Sur la même veine, la très funky Brooklyn Bridge to Chorus pose la question de la suite. Faut-il en musique, toujours aller du pont au refrain, c’est à dire de revenir sans cesse à la même chose ? Peut-on enfin, grâce au pont, tourner la page des années 2000 ?

ET ÉCOUTONS JULIAN CHANTER.

Alors effectivement, ne cherchez pas, cet album ne ressemble à aucun autre. Et c’est normal parce que c’est les Strokes. Parce que, comme il est dit très métaphoriquement dans Bad Décisions, parce qu’on ne peut pas à chaque fois, revenir aux gants (la couverture de Is This it) ou aux pistolets (celle de Room en Fire), il faut tourner la page et créer quelque chose de nouveau.

Et l’essence des Strokes, c’est leur capacité à proposer sans cesse ce qui n’existe pas encore.

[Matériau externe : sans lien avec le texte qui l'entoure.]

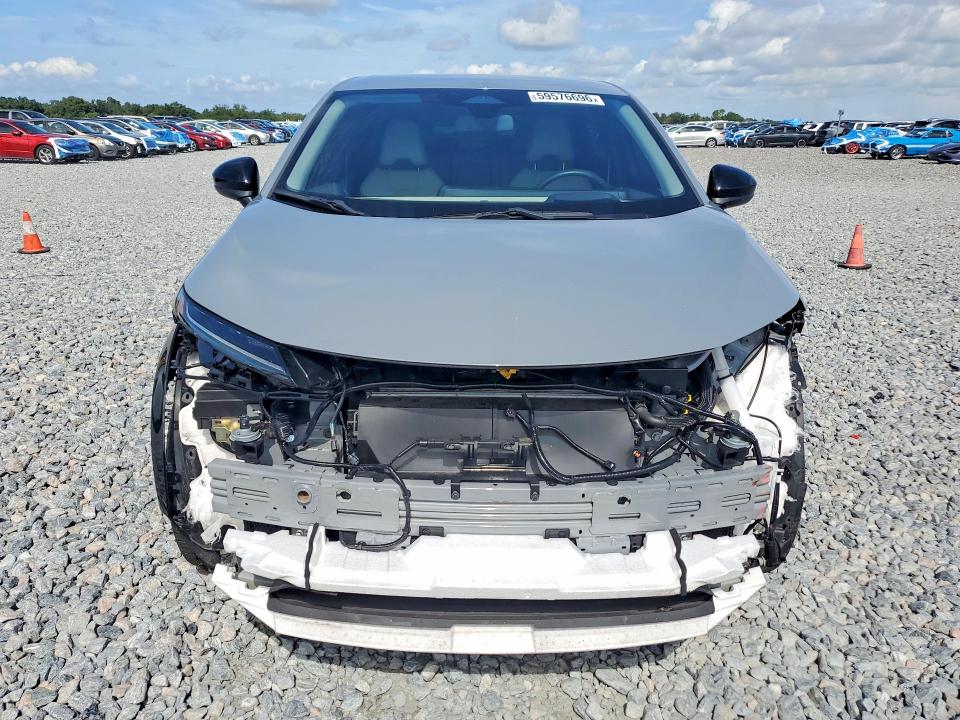 2024 Nissan Ariya VIN JN1AF0BA9RM435326 COPART salvage auction — FRONT END, Fl - Cert Of Title Slvg Rebuildable, sold $50 on 2026-07-31 (photo 5)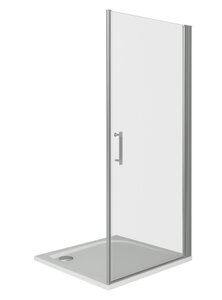 Изображение товара Душевая дверь в нишу Good Door Mokka DR-100-C-WE, 100 х 185 см, стекло прозрачное, белый, МК00002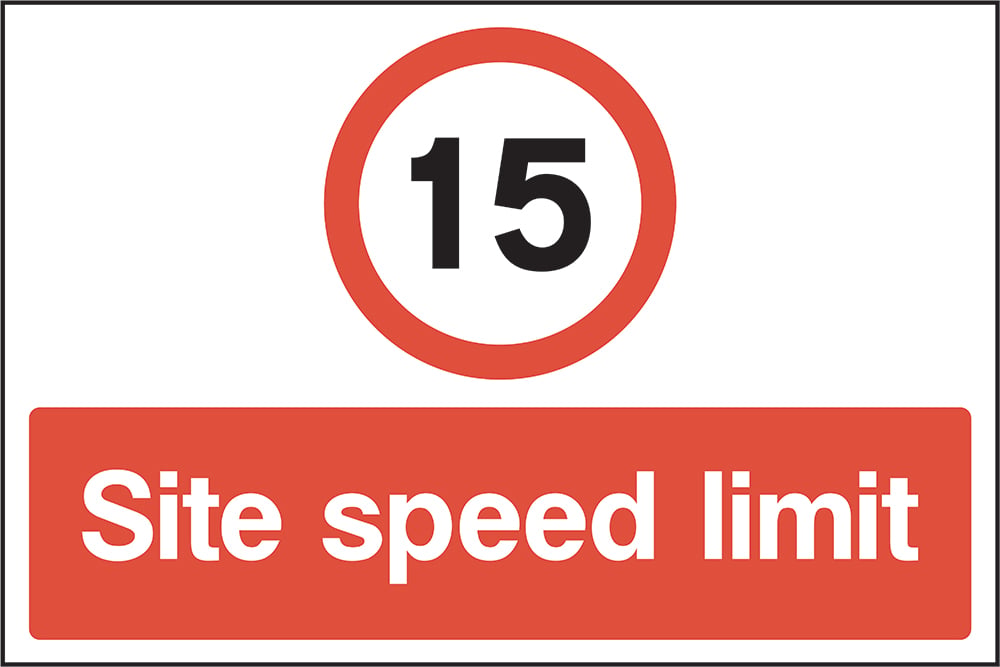 Signage: Site Speed Limit 15 (CONS0090)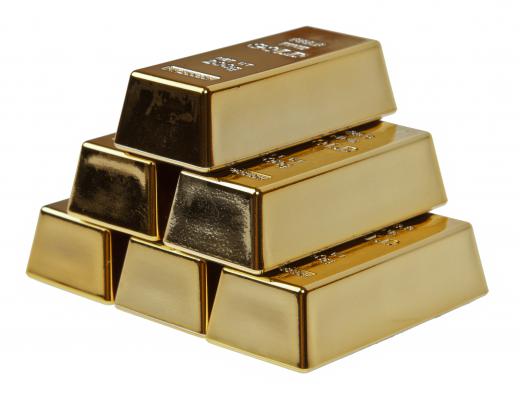 Stack of gold bars.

Dans ce nouvel album, les Strokes s’interrogent dans des morceaux bien plus écrits que dans les albums précédent, sur le changement justement, celui qu’on leur reproche, celui qui est nécessaire comme celui qui blesse. Parce que l’été de peut pas être éternel (Eternal Sunshine), nous devons constamment changer, créer, faire, pour avancer, ne jamais être rassasié de rien pour toujours avoir envie de recommencer après avoir terminé ce que nous avons réussi à bâtir (Why Sundays are so dépressing).

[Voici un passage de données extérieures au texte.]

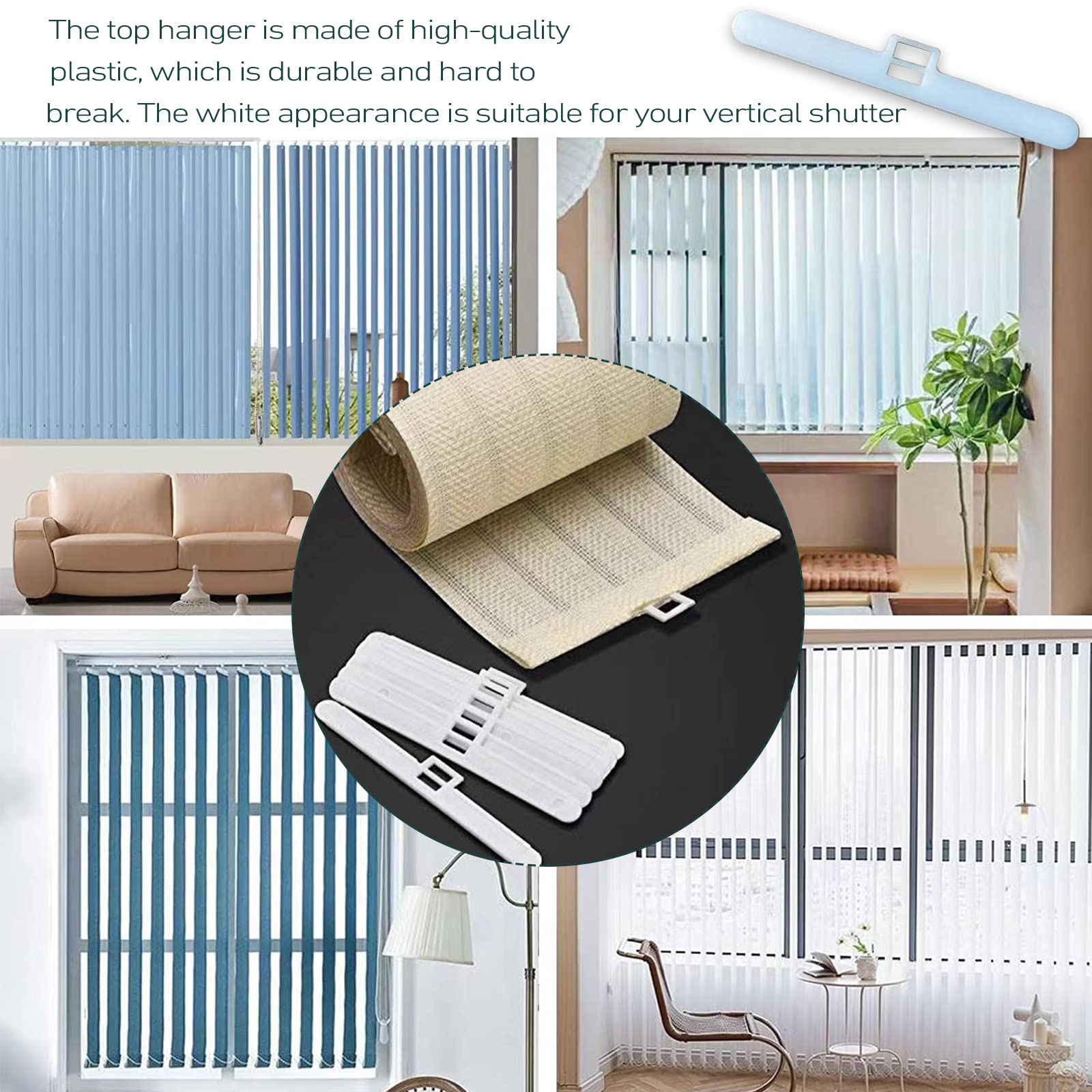 50 Pesi Per Tende Verticali - Ricambio Per Ciechi Verticali Da 89mm - Foto 12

Pourtant, Julian reconnaît de manière assez autobiographique dans Not the same anymore que changer est difficile et demande un effort important. Et que l’incapacité au changement, notamment dans les relations amoureuses, peut conduire à la solitude. Enfin espérer qu’à la porte de nos vies, la solitude ne soit plus et que les blessures s’apaisent (At the Door).

Rick Rubin aux commandes

Pour soutenir ces textes, la voix de Julian apparaît plus naturelle, débarrassée des effets radio. Dans Selfless notamment la voix est très mise en avant, ou même très aiguë et parlée dans Eternal Summer. L’autotune est utilisé pour accroire le coté planant de At the Door. La collaboration avec Rick Rubin – producteur de tout ce que la musique américaine a fait de succès depuis 15 ans- se sent dans les arrangements plus subtils, qui laissent passer les émotions à travers les différentes sonorités, parfois même à l’intérieur d’un même titre de l’album.

On navigue ainsi entre les claviers électroniques et minimalistes de Brooklin Bridge et des intros d’At the Door et d’Ode to the Mets. Les longues intros et surtout outro, permettent de laisser s’exprimer la musique ou d’écouter les Strokes parler entre eux (et deviser sur le conservatisme de leurs fans).

Quoi qu’il en soit, ce dernier album des Strokes est incontestablement marqué par la « patte » et le talent de Julian Casablancas. La disparité d’Angles, réalisé après un travail séparé des différents membres du groupe, le succès mitigé des carrières solo comparé à la réussite et la créativité incontestable de Julian dans ses différents projets musicaux (The Voidz ou Daft Punk), a prouvé que sans la direction forte de son leader, les Strokes ne seraient pas le groupe salvateur et constamment créatif qu’ils ont été et qu’ils continuent d’être, et ce, malgré les critiques récurrentes dont ils font l’objet.